ACTIVITY: Only one stretch of the material below is wanted: everything from the line containing "Gabriel & Co." down to the line containing "Jupiter 2110 - Lampadario", both ends included. Repeat it exactly and skip the pictures.

INPUT MATERIAL:
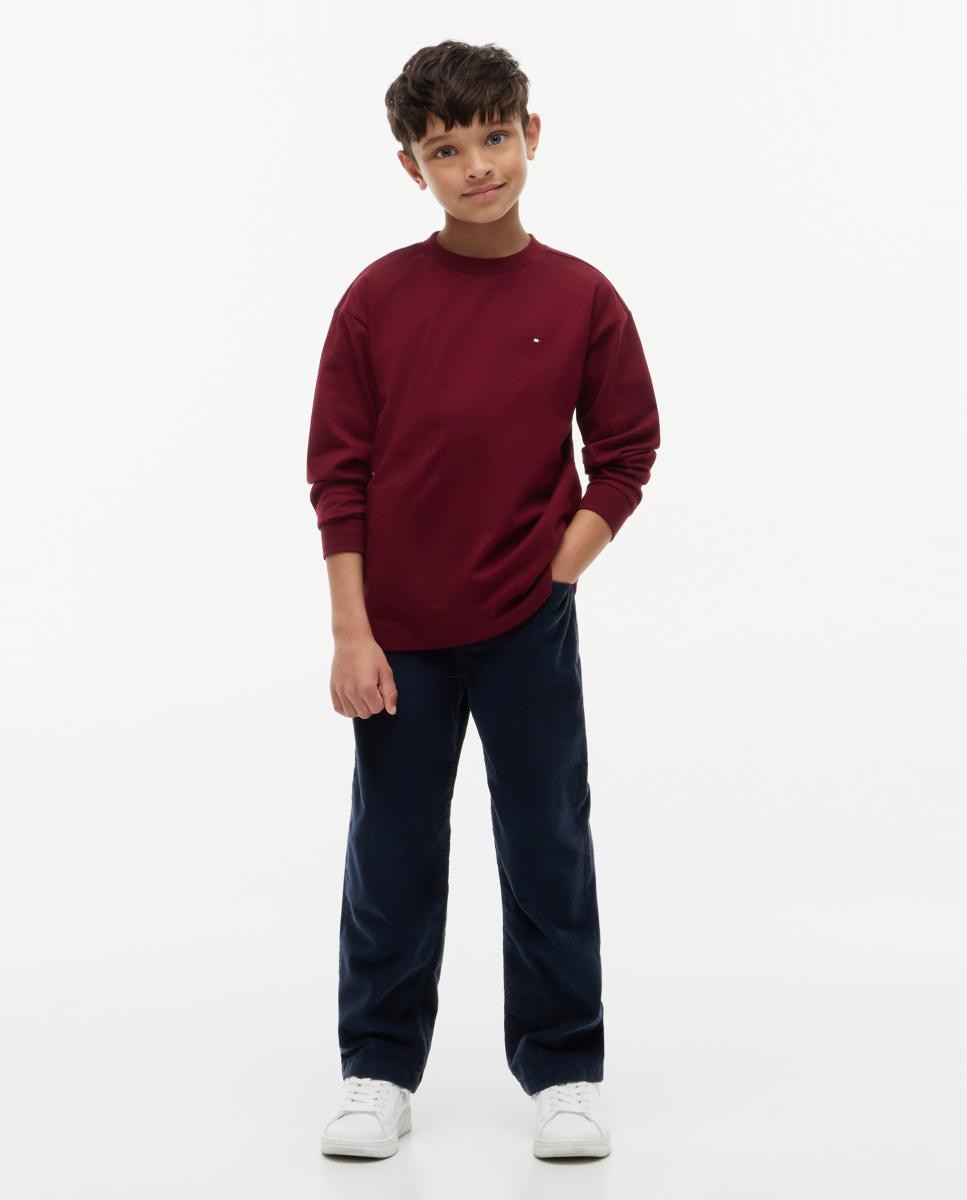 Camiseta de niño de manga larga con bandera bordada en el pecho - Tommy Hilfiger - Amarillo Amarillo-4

---

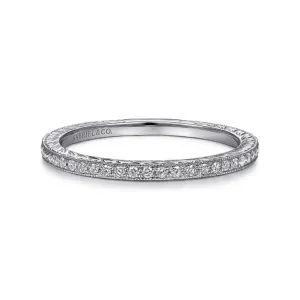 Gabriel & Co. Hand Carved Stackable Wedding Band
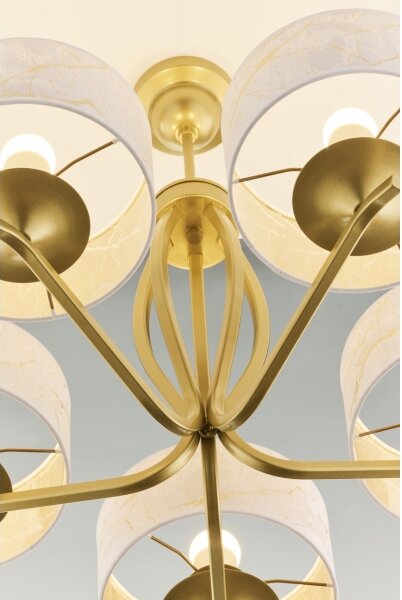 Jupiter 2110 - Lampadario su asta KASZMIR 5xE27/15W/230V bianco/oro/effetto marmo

COMPLETED EXERCISE:
 Gabriel & Co. Hand Carved Stackable Wedding Band
 Jupiter 2110 - Lampadario su asta KASZMIR 5xE27/15W/230V bianco/oro/effetto marmo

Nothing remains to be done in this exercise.